Но я ее не слушал и уже несся по улице что было сил, по пути доканчивая свой туалет, к своим.

«Царь убит!»

В этих двух словах, казалось бы таких простых и ясных, для меня вдруг сконцентрировался весь мир и я сам со всей своей личностью, со всем прошлым и будущим.

«Царь убит!»

Я точно споткнулся о какой-то порог и стремительно куда-то летел вниз головой, не отдавая себе отчета, куда лечу и зачем лечу.

«Царь убит!»

Впереди вспыхнуло что-то ослепительно яркое и разлилось нестерпимым светом; горячая волна прилила к сердцу, дух захватывало от нахлынувшего восторга.

«Наконец-то, свершилось. Победа! Революция!»

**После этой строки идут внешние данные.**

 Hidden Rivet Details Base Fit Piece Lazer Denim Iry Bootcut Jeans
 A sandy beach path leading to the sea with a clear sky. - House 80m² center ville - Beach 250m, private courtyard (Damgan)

Мне казалось, что я теряю рассудок от переполнявшего меня жгучего ощущения чего-то сверхсильного, случилось что-то неповторяемое и непередаваемое. Не чувство счастья испытывал я в эти минуты — далеко нет, счастье непременно требует личного элемента, здесь же его не было, — но чего-то близкого к нему, глубокого и вместе бурного, подымающего куда-то ввысь, вливающего в грудь новые, казалось безграничные, силы.

На другой день мне пришлось слышать от сургутян, что меня видел бегущим какой-то казачишка, которого мой вид «оскорбил в лучших его чувствах», и он говорил по этому поводу:

— Хотел я ему ноги поленом перешибить, да побоялся: больно здоров, дьявол!